What needs to be done: Return the listing below exactly as it stands. Pictures stay out.
Segment Start: Data block
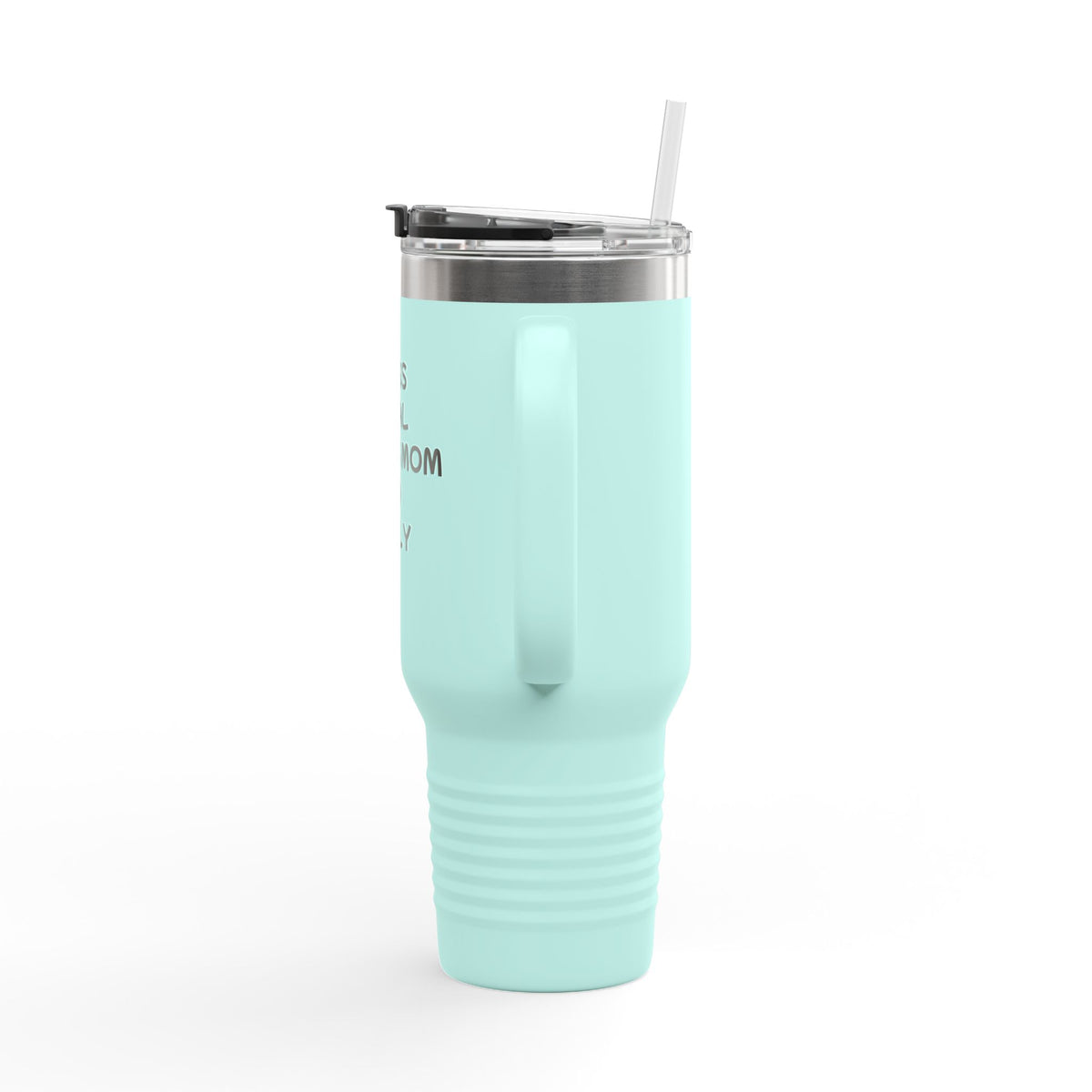 40oz Insulated Travel Mug — "Bad Ass Special Needs Mom" Tumbler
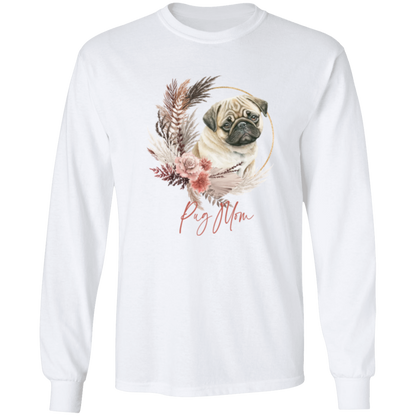 Pug Mom Boho Wreath - T-shirts, Hoodies and Sweatshirts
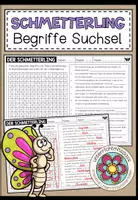Vorschau - Arbeitsblätter - DER SCHMETTERLING - Begriffe Suchsel - Deckblatt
Segment End: Data block
Answer for the task:
 40oz Insulated Travel Mug — "Bad Ass Special Needs Mom" Tumbler
 Pug Mom Boho Wreath - T-shirts, Hoodies and Sweatshirts
Vorschau - Arbeitsblätter - DER SCHMETTERLING - Begriffe Suchsel - Deckblatt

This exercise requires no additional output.